I have experienced them losing. I’ve watched the Raiders finish 9th, 10th, 14th. I’ve watched them lose 0-40 at home in the driving rain. I’ve listened on the radio as they lost 44-2. I’ve sat through heartbreaking close game after heartbreaking close game. Watched club legends come and go without a trophy to their name. Seen talented juniors escape for the brighter lights of bigger cities. Leave for the chance of glory they knew they couldn’t get if they stayed.

I’d be lying if I said I hadn’t thought I might die without ever seeing them win it. I may have said it aloud once or twice too. I want it so bad. Not just for me but for all the other fans and the city. The people who’ve given this team so much. Have been there in the icy cold, the rain, and the literal snow. The people who’ve willed them to do what they haven’t done before.

And that brings us to Friday night. 26,500 people packing out the stadium and going completely troppo for 80 minutes. Plenty has been said about the performances on the field by people far better equipped to write about it than me. Not enough has been said about what was happening in the stands. It was bedlam. Passion like you’ve never felt. Noise like you’ve never heard. People hugging strangers. People crying. Many just standing there in stunned disbelief. Because they did it. We did it. All of us willing each other on. We made the grand final.

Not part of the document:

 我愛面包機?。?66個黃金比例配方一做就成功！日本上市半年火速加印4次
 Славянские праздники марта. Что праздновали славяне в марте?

Are they going to win? I don’t know. Can they? You bet. This team is special. More than any Raiders side since the glory days, and perhaps even more so. This team plays for each other. They don’t have the brilliance of other sides. They don’t have the superstars. But they never give up and they never give in. 

Opposition fans can joke and taunt and put them down. It only makes them bolder. The refs can send off as many players as they want. It only makes them stronger. The media can discount them as making up the numbers. It only makes them wonder.

I didn’t choose to be a Raiders fan, but I chose to persist with being one. And in the madness of the final minutes on Friday night I can’t think of any better choice I’ve made. There was a moment this season that says it all. After a particularly tough night, battered and bruised, our fullback, Charnze Nicoll-Kolkstad was asked if there was any part of his body that wasn’t hurting. His answer was simple: my heart.